Donald Trump ha il chiodo fisso di un certo protezionismo all’americana che consiste nel fare i propri interessi economici pur in un’ottica di cauto rispetto delle alleanze, di cui gli Usa, peraltro, sono il cardine sine qua non. Da ciò, nel suo “speech” di ieri l’altro, l’attacco frontale all’emblema europeo, Angela Merkel, accusata per i troppi emigrati da lei accolti anche per l’assenza di una vera e propria politica comune europea sull’immigrazione, l’elogio della Brexit, l’obiettivo di trattare separatamente con gli Stati singoli alla faccia dell’Unione europea occidentale, e così via. Si sa, Trump le spara grosse prima di entrare nella White House, e occorre attendere le mosse del “dopo”, cioè fra poco. Ma quando ad esempio critica a fondo un’Europa che non ha una politica davvero unita su non poche cose, che con la Brexit ha tolto la maschera dell’unità a tutti i costi, un’Europa che - soprattutto - non ha una politica di difesa dalla minaccia del terrorismo, ecco levarsi le difese risentite di un François Hollande che non accetta lezioni, o di un ministro tedesco che non vuole ordini, ed è tutta un’alzata di scudi in nome dell’orgoglio europeo!

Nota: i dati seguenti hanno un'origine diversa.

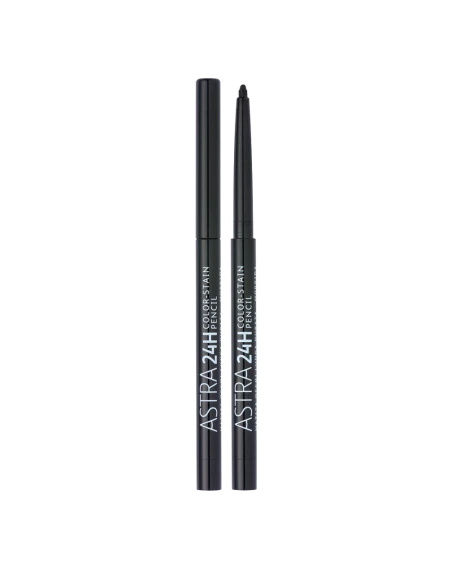 Astra Matita Occhi Nera Automatica 24h COLOR STAIN | RossoLacca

Ma, in riferimento alla politica di difesa comune sia pure sotto l’ombrello Usa, la leggendaria Ue è stata forse in grado di mettere in piedi e in opera autonomamente qualcosa in grado di incidere in tempo e a fondo? E a proposito del pericolo più immane e infaticabilmente operante come il terrorismo Isis, siamo stati capaci di organizzarci militarmente, e ne sottolineo il termine, rispetto ai tanti criminali a spasso per il Vecchio Continente? E che si è fatto e s’intende fare rispetto ai Paesi non solo di origine ma, soprattutto, a quelli che li finanziano per ammazzarci, pur definendosi nostri amici? Begli amici! Su tante cose Trump ha torto. Ma non su questa faccenda. Che conta, eccome.